_Work task_: Return every line of the data exactly as it stands.

_The data_:

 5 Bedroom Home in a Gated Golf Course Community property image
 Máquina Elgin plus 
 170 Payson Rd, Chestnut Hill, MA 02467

_Answer area_:
 5 Bedroom Home in a Gated Golf Course Community property image
 Máquina Elgin plus 
 170 Payson Rd, Chestnut Hill, MA 02467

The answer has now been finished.